In essence, our report reflected the committee’s concern that progress in achieving the proportionate representation of women in broadcasting was losing momentum. In the population at large, women outnumber men—just. In a high-profile industry such as broadcasting, one would expect to see roughly equal numbers of men and women at all levels, both behind and in front of the camera and the microphone. However, we discovered that this was not the case. Although women make up almost half the BBC’s total workforce, they constitute only 37% of the leadership in network news and 35% of the leadership in global news. The most recent figures published by Ofcom, the regulator for broadcasting and telecommunications, showed that this was reflected in the industry more widely. Women make up 43% of the total industry workforce but only 36% of senior managers and 26% of board members. In terms of the expert commentators booked for news and current affairs programmes, men outnumbered women four to one, which we noted was even worse in sports programmes.

Of course, things have moved on a long way from the early years of broadcasting. Caroline Hodgson’s book, “For the Love of Radio 4”, recalls those all-male newsreaders required to wear dinner jackets, with the announcer, Charles Lister, being severely censured in the 1930s for wearing yellow socks. “Woman’s Hour” was first presented by a man, and the experiment of a female announcer, Sheila Borrett, in 1933, generated a mountain of complaints and was abandoned after just three months.

It took another 40 years before a permanent female news reader, Sheila Tracy, was appointed in 1974, and another 40 years before listeners to the “Today” programme were able to hear it fronted for the first time by four women: Mishal Husain, Sarah Montague, Corrie Corfield and Alison Mitchell. Indeed, the BBC told us that recently more than 41% of panellists on “Question Time” have been women.

However, the current position is by no means an entirely positive one. We were disturbed to receive testimony in private and on the record from women who had experienced sexist bullying and been held back by discriminatory behaviour.
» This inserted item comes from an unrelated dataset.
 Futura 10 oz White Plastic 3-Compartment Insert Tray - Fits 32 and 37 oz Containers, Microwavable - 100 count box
We did not buy the argument that men were usually better equipped to handle the rough and tumble of the newsroom or were likely to be free of family commitments to take on arduous reporting assignments. On every count, we noted brilliant examples of women performing all those roles with great distinction.

We felt it necessary to single out the BBC, not because we believed it was consistently lagging behind other broadcasters, but because of its special status and its funding by the public at large. We felt that the BBC should be exercising a leadership role in influencing not only the industry of which it is so important a part, but other employers and society as a whole. This led us to our central concern that moves toward the collection and monitoring of data on gender equality—the basis for holding a broadcaster to account—had, in recent years, gone into reverse.
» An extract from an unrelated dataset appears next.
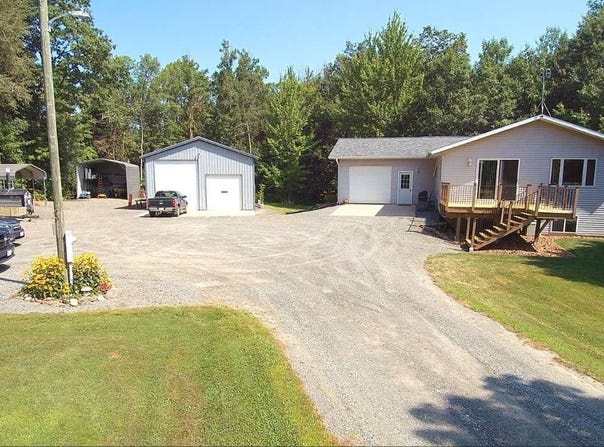 111578 Bergmann Rd., Athens, WI 54411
Until 2011, Ofcom kept a close watch on broadcasters’ equality and diversity records through the Broadcast Training and Skills Regulator—later the Broadcast Equality & Training Regulator. In 2013, a draft Public Bodies (Modification of Functions of OFCOM) Order was laid before Parliament. Although it was subsequently withdrawn in 2014 due to views expressed in Parliament, the order sought among other things to remove from Ofcom the duty to promote development opportunities for training and equality of opportunity. As a result of the Government’s stated intention in this regard, and due to financial pressures, Ofcom closed down the BETR.

However, without the facts, transparency on progress or lack of it is hard to measure. The committee was not calling for quotas—for fixed proportions of men and women in each aspect of broadcasting—but we did advocate the setting, not just by the BBC but by all the public service broadcasters, of broad targets with regular analysis of the evidence of success in meeting those targets, and we recommended that the Government should once again ensure that Ofcom requires the necessary data and holds the BBC to account on this.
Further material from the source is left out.